TEL AVIV Ñ The Palestinian Authority has refused to abandon its
policy of convincing insurgents to end their attacks against Israel.
Israeli officials said that despite pressure the government of Prime
Minister Mahmoud Abbas has maintained a policy of dialogue with insurgency
groups. The officials said the PA has arrested several Palestinians
suspected of firing mortars and rockets toward Israeli targets in the Gaza
Strip, but released them soon after interrogation.
So far, officials said, six insurgents from the ruling Fatah movement
were captured by the PA in the Gaza Strip. They said the insurgents were
released after a violent demonstration by Fatah gunmen in Gaza City.

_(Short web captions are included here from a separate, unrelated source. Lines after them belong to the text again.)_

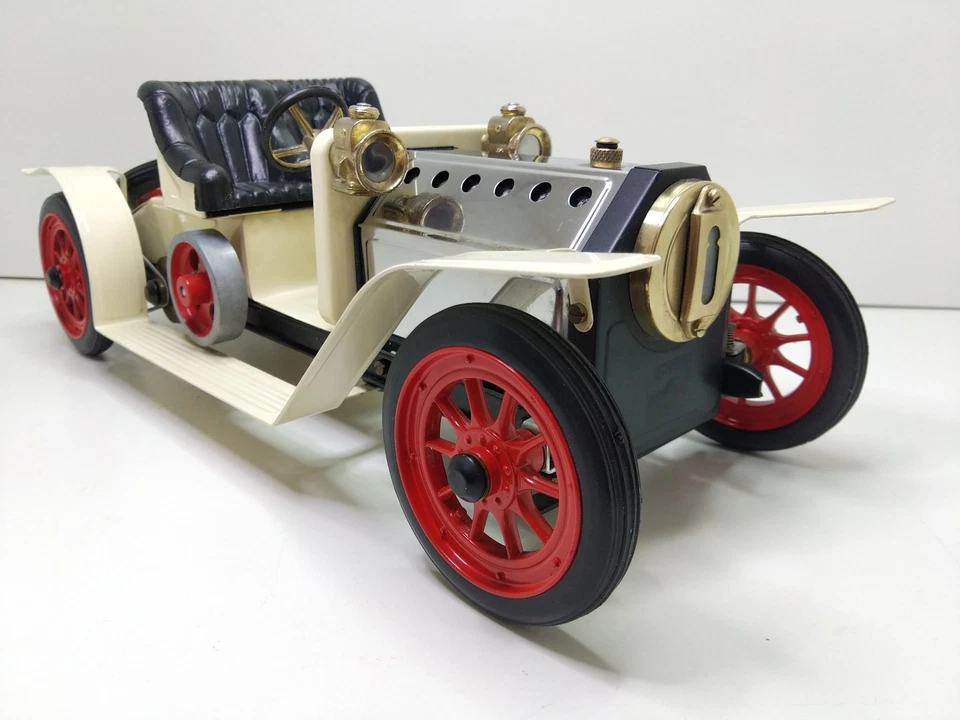 Mamod - Roadster SA1 (véhicule à vapeur) - Photo 1/4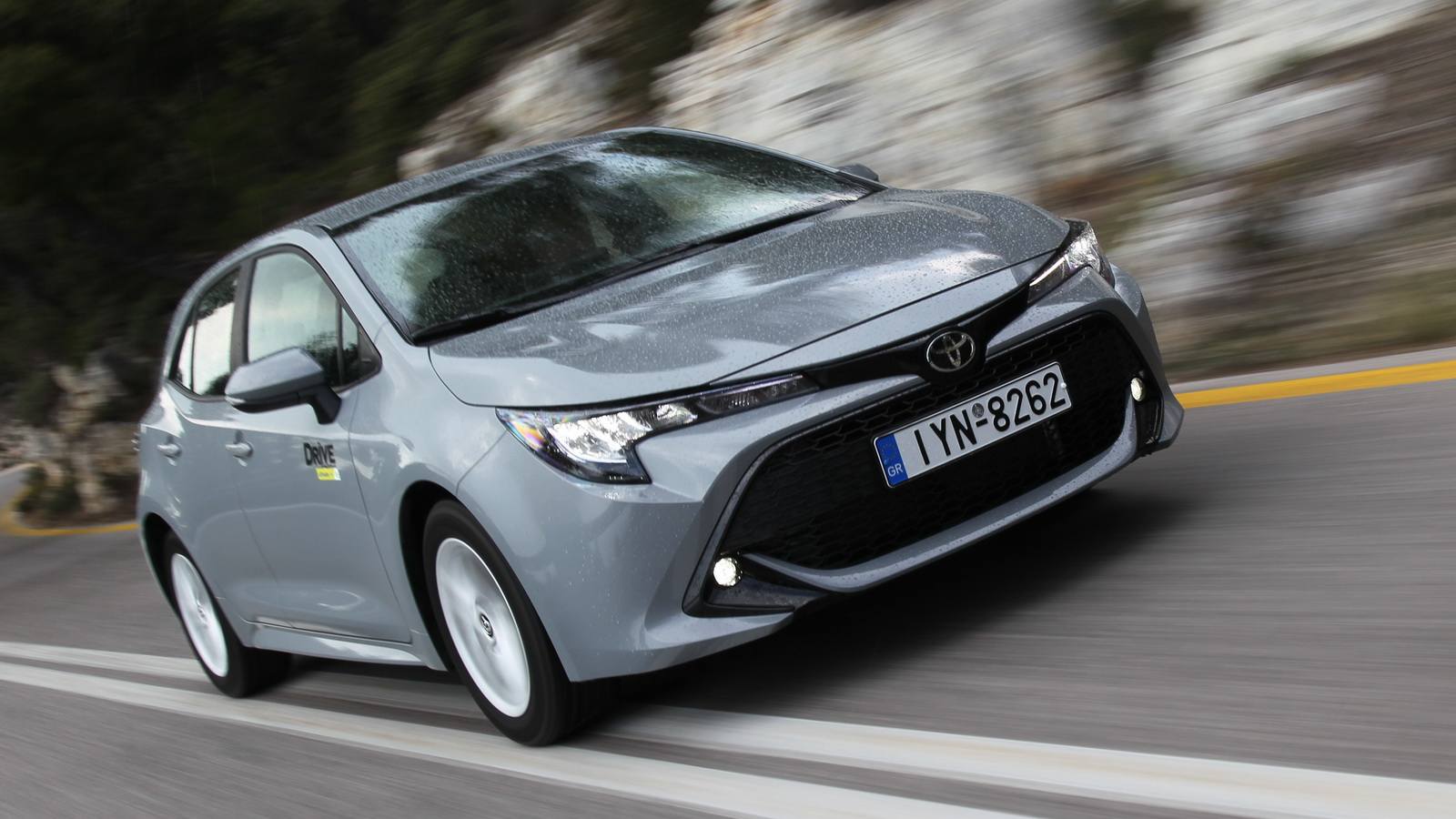 Test drive: Toyota Corolla Hatchback 1.2 Turbo | Drive
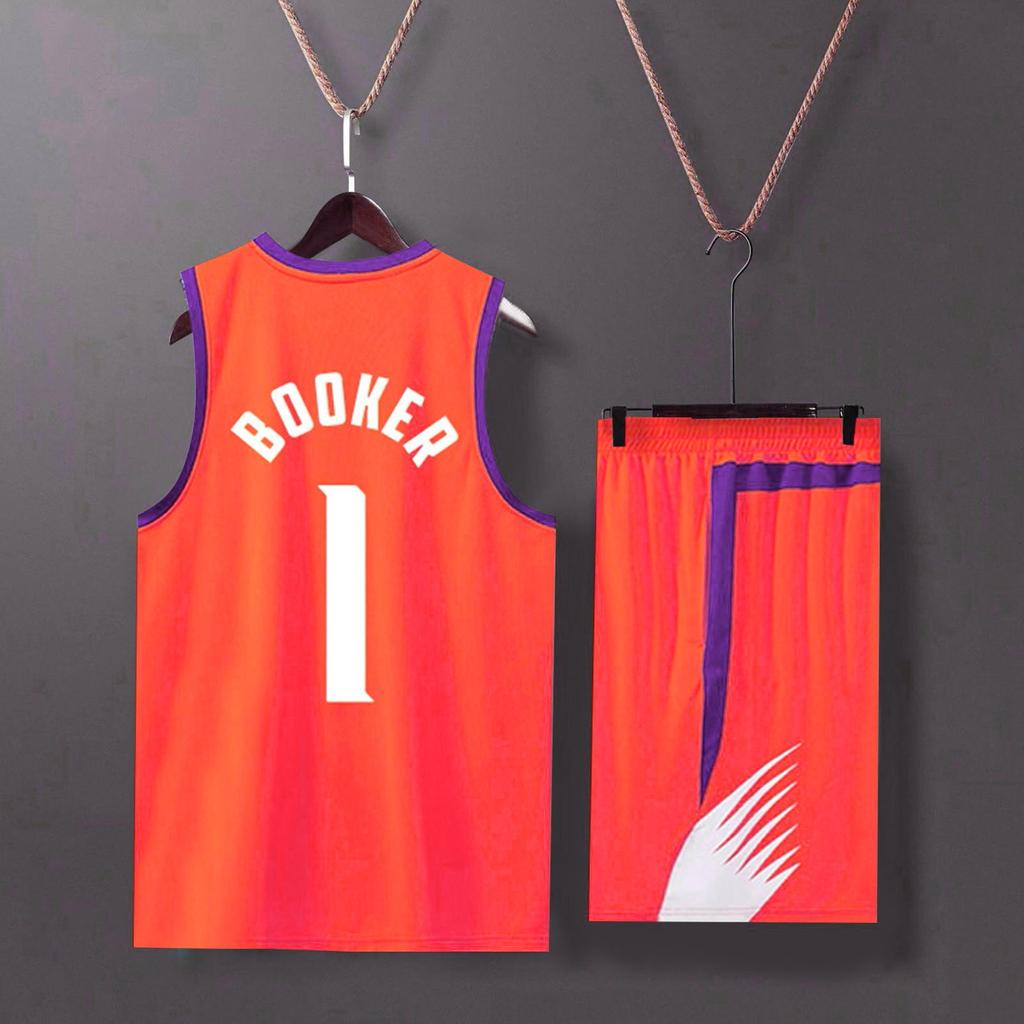 Basketkläder Barn Basketdräkt Klassiska toppar + byxor Baskettröjor Kostymset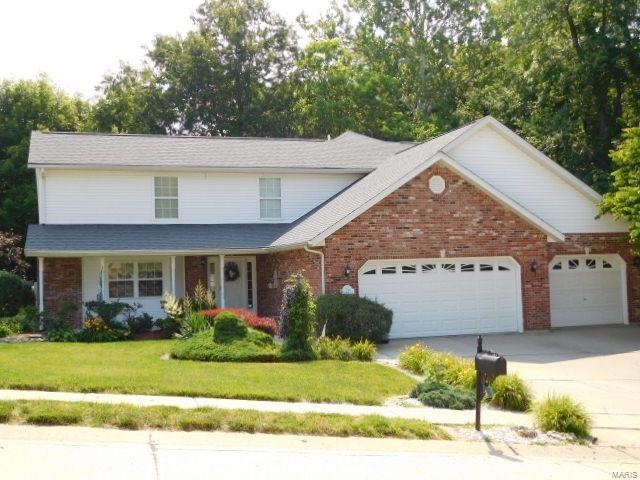 110 Kingsbrooke Blvd, Glen Carbon, IL 62034 - photo 1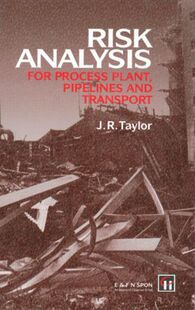 Process and Transport for Pipelines Analysis Risk 预订 Plant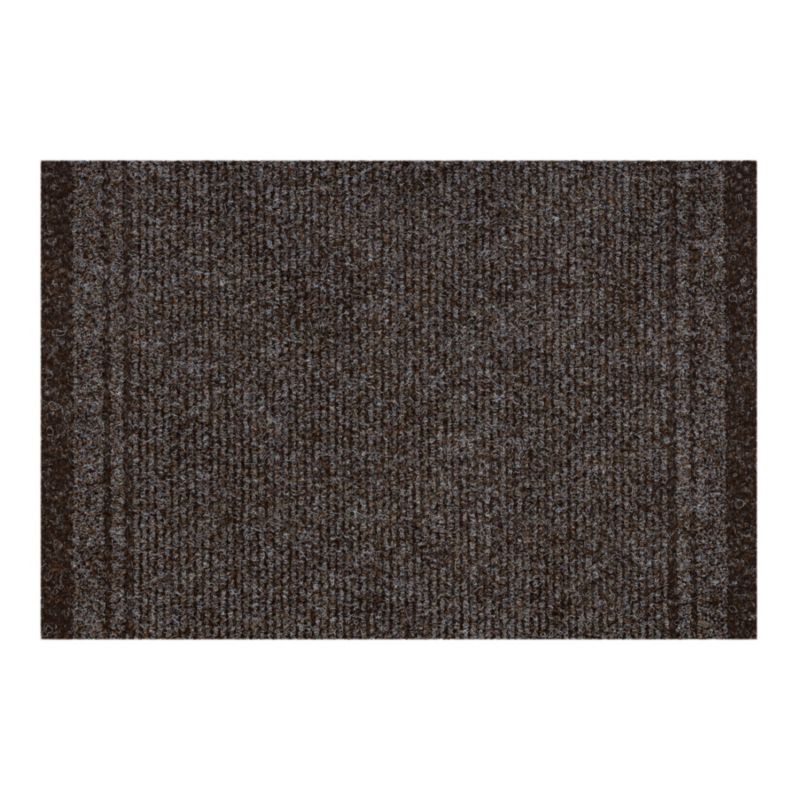 Wycieraczka RugsX 66x250 cm brąz 73728 1 szt.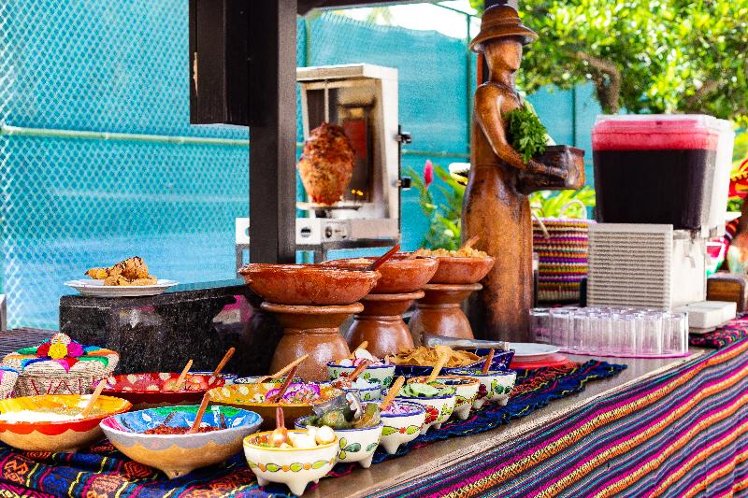 Mexican Experience By Villa del Palmar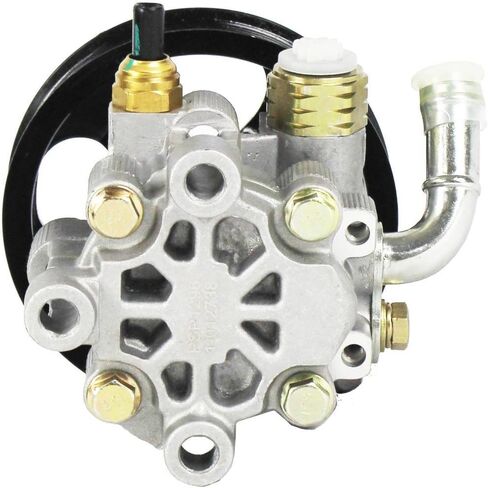 DNJ PSP1296 New Power Steering Pump for 2001-2007 Toyota Highlander 2.4L L4 16V DOHC 2362cc in Saudi Arabia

"Everyone is operating, but not through the use of force," Israeli
military intelligence chief Maj. Gen. Aharon Farkash-Zeevi said. "It is a
system of persuasion."
Officials said the PA has told Israel that the insurgents were released
after they pledged not to attack Israeli targets in the Gaza Strip. They
said the PA has argued that persuasion is required to maintain a ceasefire
declared by the major Palestinian insurgency groups.
[On Sunday, Fatah gunmen burst into a courtroom in Ramallah and killed a
Palestinian on trial on charges of collaborating with Israel. The
Palestinian was identified as Kayed Shalbaya, 35, and the Fatah-dominated Al
Aqsa Martyrs Brigade claimed responsibility.]
"There were incidents in which Palestinians were arrested, several of
those connected to the fire, and after a dialogue they were released,"
Israeli Defense Minister Shaul Mofaz said. "I would of course prefer that
all of those connected to the attacks would be prosecuted. In my eyes, they
are grave. But I understand that their [PA] intentions are different."
On Monday, PA officials said they had foiled two attacks planned against
Israel. One of the attacks planned was a suicide bombing against an Israeli
terminal at the edge of the Gaza Strip. The officials said an 18-year-old
Palestinian woman who had confessed to volunteering to blow herself up was
interrogated and sent back to her family.
Hamas and Islamic Jihad have announced a three-month ceasefire. Fatah
said it would honor a ceasefire for six months.
On Sunday the government of Prime Minister Ariel Sharon approved the
release of up to 400 Palestinian prisoners over the next week. The Cabinet
voted 13-9 to approve a set of guidelines that would release Palestinians
who did not kill Israelis and were not members of Islamic insurgency groups.
Meanwhile, the United States is considering relaying a formal
extradition request for a Hamas insurgent who was convicted of a series of
suicide strikes that included the killing of at least three Americans.
The Bush administration is discussing the prospect of requesting the
extradition of Hassan Salameh. Salameh was captured by Israel in 1998 in the
West Bank and was said to have carried out a series of suicide strikes in
Israeli cities in the mid- and late-1990s.
The proposed U.S. extradition request is being supported by Attorney
General John Ashcroft, officials said. They said several leading members of
Congress also want the United States to obtain and prosecute Salameh.
Under U.S. law, a person who is convicted of murdering an American
citizen outside of the United States could be sentenced to death. Israel
does not have a death penalty.
The Bush administration has not decided whether to formally seek
Salameh's extradition, officials said. The United States has been seeking to
maintain a ceasefire between Israel and the Palestinian Authority, which
depends on the agreement of Palestinian insurgency groups.